Johan Orellana
︎︎︎ JUMP BACK TO MAY BRINGS FLOWERS PROJECT STATEMENT
Nineteen Sixty-Two (Mil novecientos sesenta y dos) is a series of six collages that attempt to bring the artist’s family archive photograph into a relevant and contemporary context. The image shows Orellana’s grandfather, standing second to the left, accompanied by friends having refreshments after a long working day at a local banana plantation. This base image, taken in 1972, is a reminder of the political, economic, and social turmoil that Ecuador experienced during that period. Former president Jose Maria Velasco Ibarra had been elected to office for the fifth time and became overthrown in that year; oil production kickstarted and made the nation a competive oil trader; the banana industry saw a slow decline in demand and revenue, and US officials kept infiltrating Ecuadorian cities and institutions with the purpose to maintain communist ideologies at bay.
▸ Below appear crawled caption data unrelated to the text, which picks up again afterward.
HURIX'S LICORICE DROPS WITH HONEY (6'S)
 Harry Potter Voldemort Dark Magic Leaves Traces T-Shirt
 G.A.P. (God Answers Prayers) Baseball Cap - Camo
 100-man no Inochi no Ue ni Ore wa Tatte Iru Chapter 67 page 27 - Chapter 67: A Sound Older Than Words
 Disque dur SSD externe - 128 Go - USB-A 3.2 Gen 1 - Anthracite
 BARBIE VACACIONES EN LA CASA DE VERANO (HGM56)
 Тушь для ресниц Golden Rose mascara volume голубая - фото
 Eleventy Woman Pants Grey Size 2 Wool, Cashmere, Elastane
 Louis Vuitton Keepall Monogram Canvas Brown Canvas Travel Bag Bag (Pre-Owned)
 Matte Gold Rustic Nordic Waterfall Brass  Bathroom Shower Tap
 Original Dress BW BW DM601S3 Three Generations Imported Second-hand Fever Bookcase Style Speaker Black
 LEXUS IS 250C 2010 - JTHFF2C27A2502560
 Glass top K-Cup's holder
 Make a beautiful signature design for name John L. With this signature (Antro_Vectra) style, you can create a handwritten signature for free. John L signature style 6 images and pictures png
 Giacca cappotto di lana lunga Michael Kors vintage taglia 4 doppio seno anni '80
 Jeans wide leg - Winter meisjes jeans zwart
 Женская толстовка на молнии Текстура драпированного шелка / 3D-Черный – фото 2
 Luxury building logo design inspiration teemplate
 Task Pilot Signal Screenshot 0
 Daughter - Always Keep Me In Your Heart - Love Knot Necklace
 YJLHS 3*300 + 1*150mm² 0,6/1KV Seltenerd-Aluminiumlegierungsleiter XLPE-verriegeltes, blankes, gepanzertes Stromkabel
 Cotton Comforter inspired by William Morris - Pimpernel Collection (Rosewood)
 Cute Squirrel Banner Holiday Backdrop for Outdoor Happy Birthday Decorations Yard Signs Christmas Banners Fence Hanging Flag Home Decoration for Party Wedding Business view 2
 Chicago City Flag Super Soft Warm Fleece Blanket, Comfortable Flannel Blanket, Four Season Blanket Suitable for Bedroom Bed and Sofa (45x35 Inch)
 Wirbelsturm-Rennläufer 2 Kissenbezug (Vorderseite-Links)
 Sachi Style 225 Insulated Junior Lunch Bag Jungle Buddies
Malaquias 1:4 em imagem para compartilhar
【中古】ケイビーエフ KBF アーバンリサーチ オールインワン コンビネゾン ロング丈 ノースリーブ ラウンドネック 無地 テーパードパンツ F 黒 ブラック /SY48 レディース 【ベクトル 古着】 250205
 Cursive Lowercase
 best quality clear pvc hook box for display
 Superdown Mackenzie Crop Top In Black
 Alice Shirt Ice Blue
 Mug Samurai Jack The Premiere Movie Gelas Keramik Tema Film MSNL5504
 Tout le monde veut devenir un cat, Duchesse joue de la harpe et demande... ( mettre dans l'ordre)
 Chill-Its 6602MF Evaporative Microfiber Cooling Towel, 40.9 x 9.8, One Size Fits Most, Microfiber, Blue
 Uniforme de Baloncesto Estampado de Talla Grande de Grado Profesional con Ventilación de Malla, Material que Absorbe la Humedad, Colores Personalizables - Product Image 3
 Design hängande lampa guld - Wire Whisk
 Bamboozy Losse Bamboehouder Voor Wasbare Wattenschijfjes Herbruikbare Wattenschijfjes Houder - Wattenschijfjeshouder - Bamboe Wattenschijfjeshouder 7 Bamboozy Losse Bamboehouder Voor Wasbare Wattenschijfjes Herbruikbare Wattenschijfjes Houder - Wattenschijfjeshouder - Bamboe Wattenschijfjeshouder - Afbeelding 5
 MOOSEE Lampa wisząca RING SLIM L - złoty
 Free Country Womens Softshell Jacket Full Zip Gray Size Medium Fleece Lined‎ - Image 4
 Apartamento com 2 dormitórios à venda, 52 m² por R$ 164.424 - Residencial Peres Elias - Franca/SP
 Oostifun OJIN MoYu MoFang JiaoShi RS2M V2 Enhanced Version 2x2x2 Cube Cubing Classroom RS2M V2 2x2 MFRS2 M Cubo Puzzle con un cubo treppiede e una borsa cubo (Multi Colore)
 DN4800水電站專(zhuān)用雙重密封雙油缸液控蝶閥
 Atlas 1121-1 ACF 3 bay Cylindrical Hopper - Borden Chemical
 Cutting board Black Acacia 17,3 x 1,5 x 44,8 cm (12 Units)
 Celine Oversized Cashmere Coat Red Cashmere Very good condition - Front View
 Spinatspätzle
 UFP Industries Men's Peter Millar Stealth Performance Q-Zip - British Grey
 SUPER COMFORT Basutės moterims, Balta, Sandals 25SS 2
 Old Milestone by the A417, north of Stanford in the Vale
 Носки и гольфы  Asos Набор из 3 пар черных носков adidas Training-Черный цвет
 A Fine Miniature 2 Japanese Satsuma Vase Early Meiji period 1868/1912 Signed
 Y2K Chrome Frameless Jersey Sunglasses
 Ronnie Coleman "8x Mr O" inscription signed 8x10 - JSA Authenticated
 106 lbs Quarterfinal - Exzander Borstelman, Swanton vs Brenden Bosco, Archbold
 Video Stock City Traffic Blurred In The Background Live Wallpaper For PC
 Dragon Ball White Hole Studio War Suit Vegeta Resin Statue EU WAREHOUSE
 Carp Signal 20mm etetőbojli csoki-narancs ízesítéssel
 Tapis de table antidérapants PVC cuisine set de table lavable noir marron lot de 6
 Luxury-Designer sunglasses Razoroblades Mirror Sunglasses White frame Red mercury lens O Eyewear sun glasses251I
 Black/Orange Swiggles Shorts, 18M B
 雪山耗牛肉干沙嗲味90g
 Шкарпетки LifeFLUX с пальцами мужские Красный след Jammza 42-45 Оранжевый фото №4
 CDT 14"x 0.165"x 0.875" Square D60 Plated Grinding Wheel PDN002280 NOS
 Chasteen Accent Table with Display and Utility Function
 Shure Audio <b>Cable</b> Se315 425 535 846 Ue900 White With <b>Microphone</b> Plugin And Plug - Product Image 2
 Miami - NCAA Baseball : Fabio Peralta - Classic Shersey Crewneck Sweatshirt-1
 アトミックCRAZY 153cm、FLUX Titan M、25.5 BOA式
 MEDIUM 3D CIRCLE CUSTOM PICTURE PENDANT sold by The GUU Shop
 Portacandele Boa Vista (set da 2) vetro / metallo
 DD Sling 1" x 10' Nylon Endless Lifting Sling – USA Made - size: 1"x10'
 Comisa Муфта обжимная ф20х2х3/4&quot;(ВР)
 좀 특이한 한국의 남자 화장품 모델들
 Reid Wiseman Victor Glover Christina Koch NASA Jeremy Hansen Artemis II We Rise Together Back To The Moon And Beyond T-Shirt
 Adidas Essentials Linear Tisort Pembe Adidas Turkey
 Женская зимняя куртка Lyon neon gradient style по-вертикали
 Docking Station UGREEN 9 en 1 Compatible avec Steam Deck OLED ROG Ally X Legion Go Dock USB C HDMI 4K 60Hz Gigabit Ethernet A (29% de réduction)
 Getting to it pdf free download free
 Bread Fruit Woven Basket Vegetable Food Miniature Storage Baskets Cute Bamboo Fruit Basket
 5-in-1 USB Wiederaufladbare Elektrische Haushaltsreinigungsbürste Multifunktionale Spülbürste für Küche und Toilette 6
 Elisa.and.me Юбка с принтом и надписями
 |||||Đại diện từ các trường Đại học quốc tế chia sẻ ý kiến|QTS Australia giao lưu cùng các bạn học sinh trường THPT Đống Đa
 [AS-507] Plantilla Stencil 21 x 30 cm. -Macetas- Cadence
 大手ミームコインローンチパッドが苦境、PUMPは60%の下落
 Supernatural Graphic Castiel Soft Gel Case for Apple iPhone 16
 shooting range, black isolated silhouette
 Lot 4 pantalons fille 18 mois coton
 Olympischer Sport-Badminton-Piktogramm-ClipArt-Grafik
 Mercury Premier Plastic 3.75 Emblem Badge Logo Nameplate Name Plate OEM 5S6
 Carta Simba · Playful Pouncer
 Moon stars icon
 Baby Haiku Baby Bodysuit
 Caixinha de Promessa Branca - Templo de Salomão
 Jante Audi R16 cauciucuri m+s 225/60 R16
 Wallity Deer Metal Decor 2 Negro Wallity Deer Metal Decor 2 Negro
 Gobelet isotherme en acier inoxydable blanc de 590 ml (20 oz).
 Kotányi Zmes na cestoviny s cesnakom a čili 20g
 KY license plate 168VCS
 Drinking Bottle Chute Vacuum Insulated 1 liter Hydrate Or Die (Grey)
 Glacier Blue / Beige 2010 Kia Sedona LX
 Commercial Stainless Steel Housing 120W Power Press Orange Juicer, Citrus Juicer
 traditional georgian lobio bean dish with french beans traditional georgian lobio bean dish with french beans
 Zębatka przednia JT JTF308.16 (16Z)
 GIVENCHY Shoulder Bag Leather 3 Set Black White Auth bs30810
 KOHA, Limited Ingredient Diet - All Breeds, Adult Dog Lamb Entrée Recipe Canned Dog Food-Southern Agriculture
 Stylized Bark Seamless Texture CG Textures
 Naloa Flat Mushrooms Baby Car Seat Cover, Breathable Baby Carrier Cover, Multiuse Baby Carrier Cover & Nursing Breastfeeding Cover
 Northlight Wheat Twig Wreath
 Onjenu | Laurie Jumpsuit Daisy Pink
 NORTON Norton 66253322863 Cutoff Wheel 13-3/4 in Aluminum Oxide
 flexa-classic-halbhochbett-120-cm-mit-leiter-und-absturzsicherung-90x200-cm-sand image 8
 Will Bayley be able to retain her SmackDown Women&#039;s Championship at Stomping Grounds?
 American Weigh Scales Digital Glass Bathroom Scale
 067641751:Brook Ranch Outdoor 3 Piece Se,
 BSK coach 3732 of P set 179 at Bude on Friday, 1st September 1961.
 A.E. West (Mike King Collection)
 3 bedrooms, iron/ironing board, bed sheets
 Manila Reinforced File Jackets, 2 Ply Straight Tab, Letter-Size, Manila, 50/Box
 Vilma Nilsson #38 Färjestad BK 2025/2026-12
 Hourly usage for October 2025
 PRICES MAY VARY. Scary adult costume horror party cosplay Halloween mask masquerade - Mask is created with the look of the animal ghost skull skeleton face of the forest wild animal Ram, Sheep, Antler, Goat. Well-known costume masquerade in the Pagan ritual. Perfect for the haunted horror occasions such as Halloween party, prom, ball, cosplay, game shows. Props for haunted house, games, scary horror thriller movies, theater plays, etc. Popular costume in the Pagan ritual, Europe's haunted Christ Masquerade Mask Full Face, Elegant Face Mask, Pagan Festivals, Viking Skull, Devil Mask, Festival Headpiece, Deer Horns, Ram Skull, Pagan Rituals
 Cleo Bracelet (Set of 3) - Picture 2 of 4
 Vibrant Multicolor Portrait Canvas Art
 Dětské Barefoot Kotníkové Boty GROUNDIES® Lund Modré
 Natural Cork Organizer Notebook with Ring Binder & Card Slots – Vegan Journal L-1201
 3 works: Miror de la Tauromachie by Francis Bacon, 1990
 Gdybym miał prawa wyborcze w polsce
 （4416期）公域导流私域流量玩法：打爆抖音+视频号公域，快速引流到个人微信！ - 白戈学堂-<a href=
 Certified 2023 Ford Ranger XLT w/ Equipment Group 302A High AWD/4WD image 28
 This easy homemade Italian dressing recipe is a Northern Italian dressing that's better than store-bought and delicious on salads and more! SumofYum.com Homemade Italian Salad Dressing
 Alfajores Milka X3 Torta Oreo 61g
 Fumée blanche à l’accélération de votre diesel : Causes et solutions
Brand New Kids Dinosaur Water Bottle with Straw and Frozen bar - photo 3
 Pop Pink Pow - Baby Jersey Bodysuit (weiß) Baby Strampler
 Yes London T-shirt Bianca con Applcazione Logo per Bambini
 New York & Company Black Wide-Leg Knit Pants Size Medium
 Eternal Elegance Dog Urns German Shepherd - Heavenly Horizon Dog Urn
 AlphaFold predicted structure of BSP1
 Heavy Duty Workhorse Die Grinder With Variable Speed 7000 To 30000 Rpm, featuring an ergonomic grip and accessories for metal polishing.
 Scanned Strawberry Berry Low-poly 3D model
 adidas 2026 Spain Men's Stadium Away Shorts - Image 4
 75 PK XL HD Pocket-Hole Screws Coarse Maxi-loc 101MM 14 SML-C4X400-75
In the collages, each photograph incrementally becomes covered by banana stickers directly sourced from Orellana’s grandfather's current banana farm. The stickers, locally known as calypsos, function as a metaphor for global corporate encroachment and as proof of the banana industry’s irreparable neoliberalist effect in the nation. The banana box cutouts, in which the altered archive images lay, were sourced and processed by the artist, and they further emphasize the idea of being branded and shipped to Western consumers.
Nineteen Sixty Two Series
(Mil novecientos sesenta y dos),
First Iterations, 2023
Family archive scan printed on archival inkjet paper, cut-and-pasted on sourced banana
boxes cardboard
16 by 12 in.
40.64 by 30.48 cm.
(b. 1998) is an Ecuadorian-born, Spaniard and American-raised lens-based artist living and working in Brooklyn, NY. His bodies of work, a mix of photographic approaches, encapsulate moments of high experiential affinity where individuals, objects, and landscapes become interrelated representations of the artist’s visual brain map. He finds interest in visual dichotomies, parallels, intersections, and tangents that, mostly, result in observations about the domestic and public spaces; national historical and family archives; and documentation of a geographical area or community. Orellana received two B.A. degrees, Photography and Spanish Studies, from Bard College. His work has also been featured in Phe Studios, Brooklyn, and the Cristian Anthony Vallejo Memorial Gallery, Las Cruces, and he is a recent Magnum Foundation Fellowship recipient.